Figure 6.

Cellular mechanisms of HFA and dynamics of cellular firing. A, Averaged pyramidal cell action potential (gray area represents SEM; n = 84 cells). B, Averaged interneuronal action potential (gray area represents SEM; n = 27 cells). C, D, Normalized and averaged autocorrelograms of firing of pyramidal cells (C) and of interneurons (D). E, F, Averaged normalized cross-correlograms between HFA cycle and firing of pyramidal cells (E) and interneurons (F). G, Phase histograms of firing probability, during HFA cycles, show increase in probability of pyramidal cell firing during the HFA cycle, with increased probability of firing mainly during the trough of HFA cycle. H, Phase histogram for interneurons show only mild increase of firing during the HFA cycle. I, Coincident firing.
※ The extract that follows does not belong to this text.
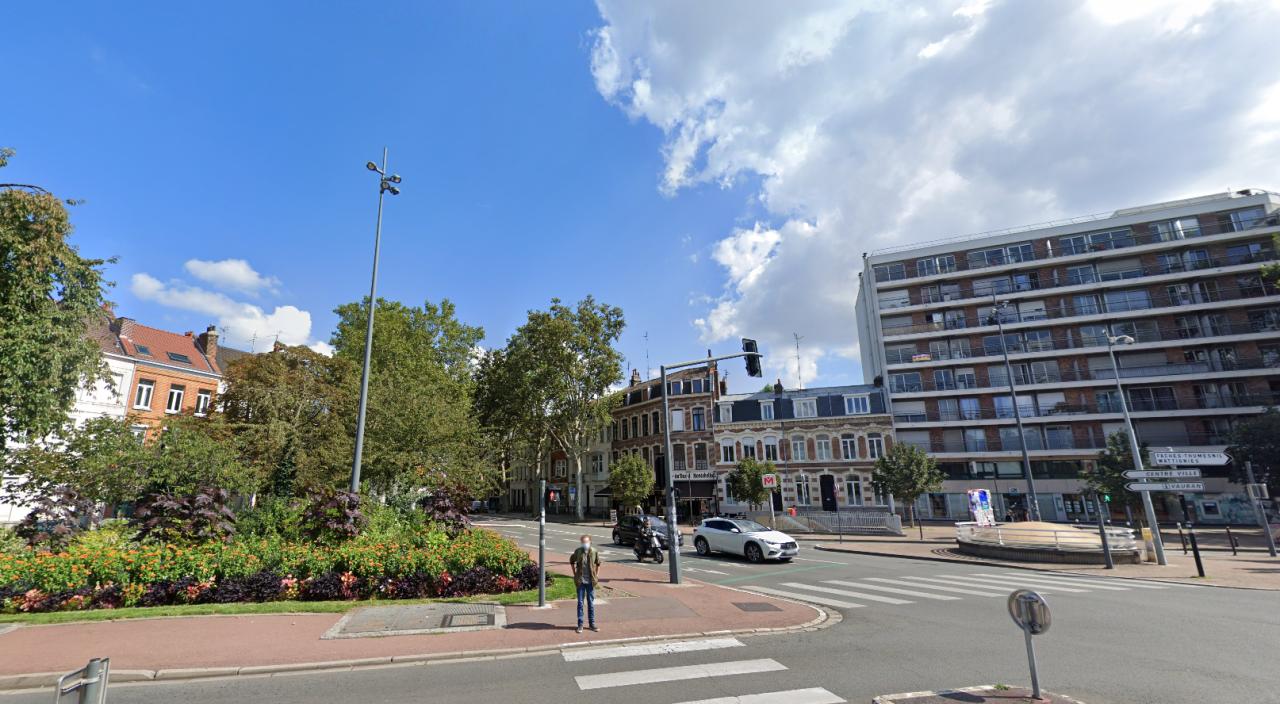 Vente bureau Lille Nord OVBUR2529543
Coincident firing was observed 43 times between the illustrated pair of neurons. Histogram shows the number (y-axis) of coincident firings (x-axis) observed in 200 surrogates. Results suggest that coincident firing between these two neurons is not attributable to random coincidence (p < 0.001). J–L, Interictal period between two seizures is characterized by a progressive buildup in HFA. M, Activity of pyramidal cells (PYR) and interneurons (INT) derived from three closely spaced tetrodes reveals a progressive increase in neuronal firing and recruitment of cells. N, Transition to seizures is characterized by progressive increase in multiunit activity (n = 24; 8 slices).